Click on the pipeline name to go to the pipeline details page. It may take a few minutes to run the Build and DeployStaging stages. Wait until the TestStaging action changed from In progress to Succeeded, then click on the Details link.

test staging

In the action details page, you can see the logs under the Build logs tab.

action details log

You can see that the test runs the python test/test.py script and outputs the predictions.

In case you accidentally breaks the model and the model is not performing inference correctly, this test action will fail and prevent you from deploying a broken model to production. This kind of automated test is critical to your MLOps pipeline because it give you confidence to deploy and prevents human errors in manual testing.

Conclusion

Amazon SageMaker provides a powerful tool for MLOps through SageMaker Projects and the MLOps Project Template. As we saw in this post, with just a few clicks you can set up an automated continuous deployment pipeline powered by CodePipeline, CodeBuild, and other AWS services.
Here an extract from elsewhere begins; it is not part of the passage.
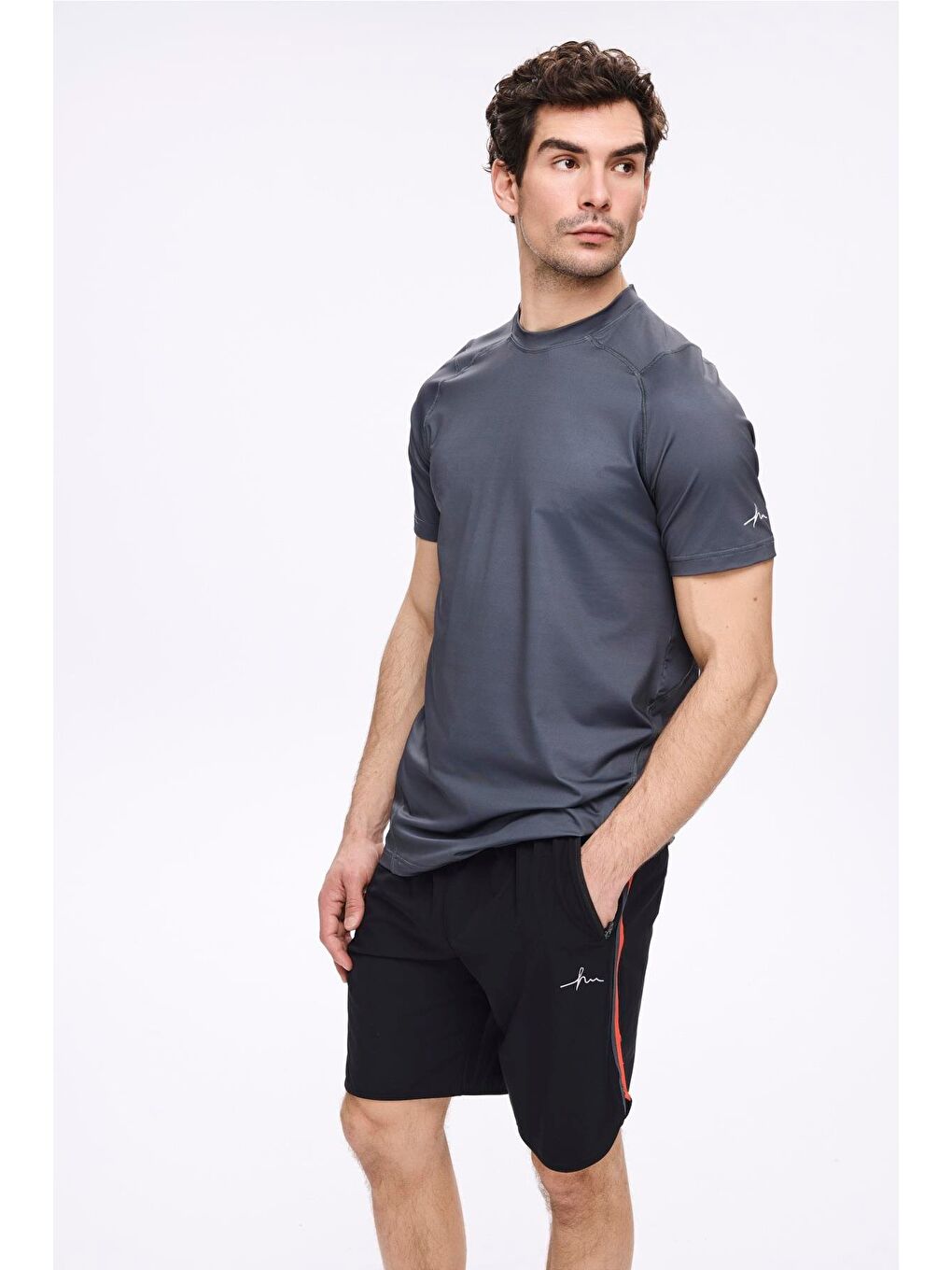 Active Erkek Gri Spor Tişört 5030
The key highlights include:

The template creates all the pipeline infrastructure needed: CodeCommit repo, EventBridge rules, CodePipeline, etc.
The pipeline detects new models registered and approved in the Model Registry and automatically deploys them.
Configuration like endpoints are defined in code for repeatability.
An automated test step allows you to validate the staged model before production deployment.

By managing both the ML application code and the MLOps scaffolding code in Git, you gain full visibility into changes over time. This best practice enables collaboration between data scientists and ops engineers to build a robust MLOps foundation.

Going forward, you can extend the template by adding data quality checks, model monitoring, and integrating the endpoints with applications. With this automated foundation in place, your team will be able to experiment and update ML models rapidly while maintaining high quality.